- Directed by: Jesse V. Johnson
- Written by: Vlady Pildysh
- Produced by: Martin J. Barab
- Starring: Mark Dacascos Billy Zane Amelia Cooke
- Cinematography: C. Kim Miles
- Edited by: Asim Nuraney Gordon Williams
- Music by: Michael Richard Plowman
- Distributed by: Alien Films
- Release date: 2007;
- Running time: 95 minutes
- Countries: Canada United States
- Language: English
- Budget: CAD 4,000,000 (estimated)

= Alien Agent =

Alien Agent is a 2007 Canadian-American science fiction action film directed by Jesse V. Johnson and starring Mark Dacascos, Emma Lahana with Billy Zane and Amelia Cooke.

== Plot ==
Rykker is an intergalactic warrior trapped on Earth, constantly fighting a gang of ruthless aliens known as The Syndicate, an alien fifth column plotting to take over the planet. The film opens with a high speed chase, with Rykker killing several syndicate agents.

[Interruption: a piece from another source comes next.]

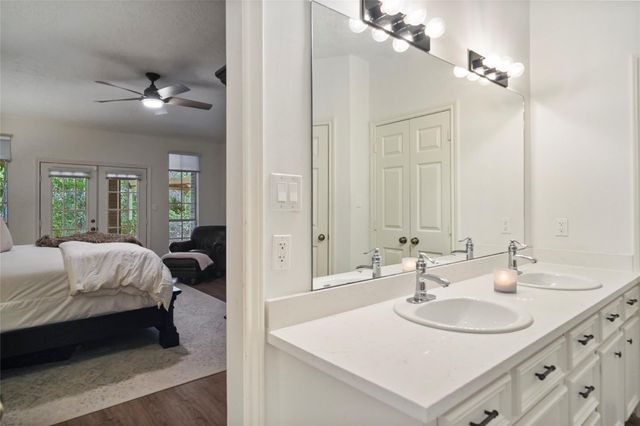 719 Somerset Street, Conroe, TX 77302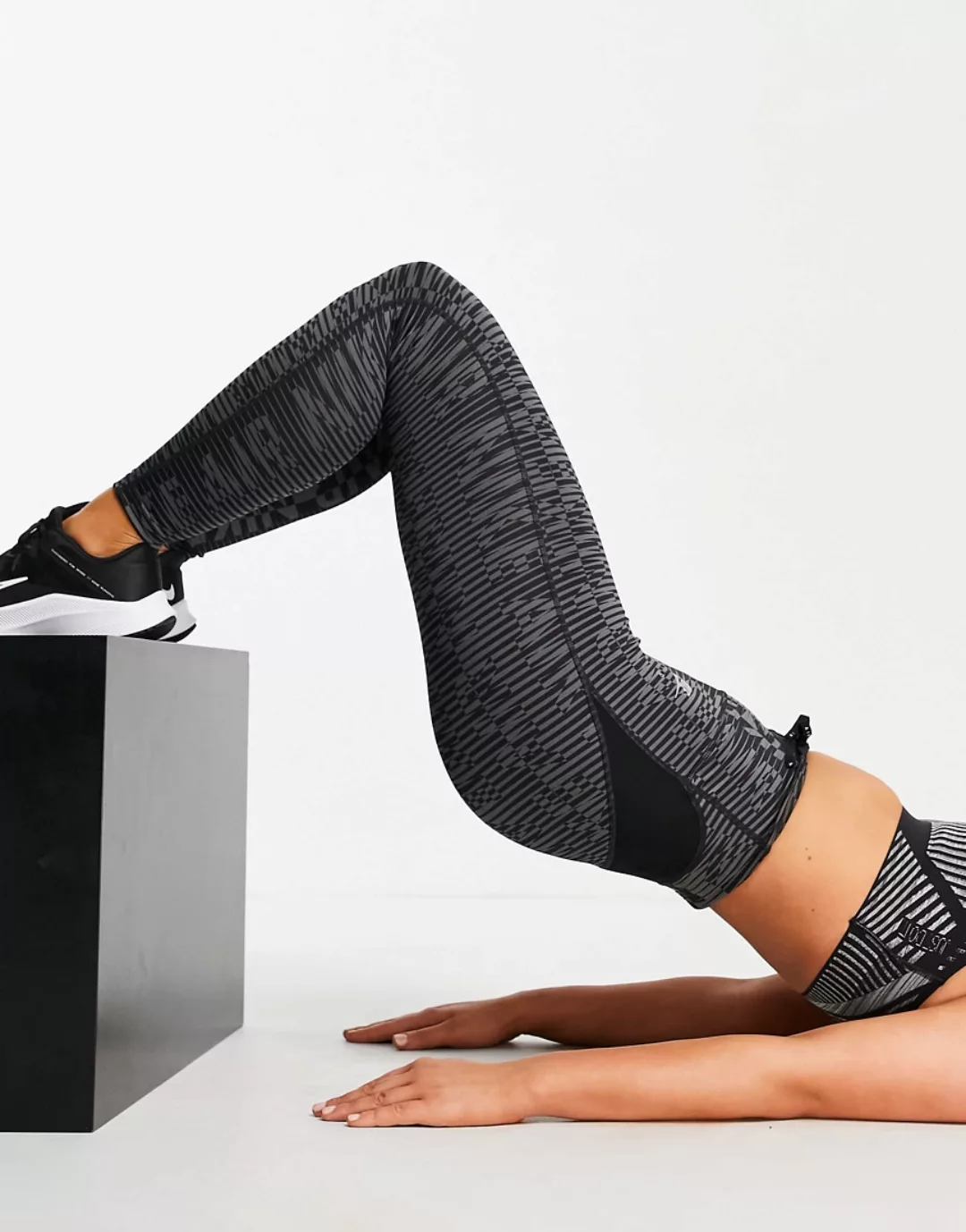 Nike Running – Air Epic Fast Tight – Schwarz bedruckte 7/8-Leggings günstig online kaufen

Saylon is a top syndicate leader who crash-lands on Earth. His mission is to build a wormhole portal between Earth and his home planet - allowing a full-scale invasion of the Earth. Isis is the Syndicate's sexy and ruthless leader. During a series of robberies for parts to build the portal, Isis becomes determined to destroy Rykker.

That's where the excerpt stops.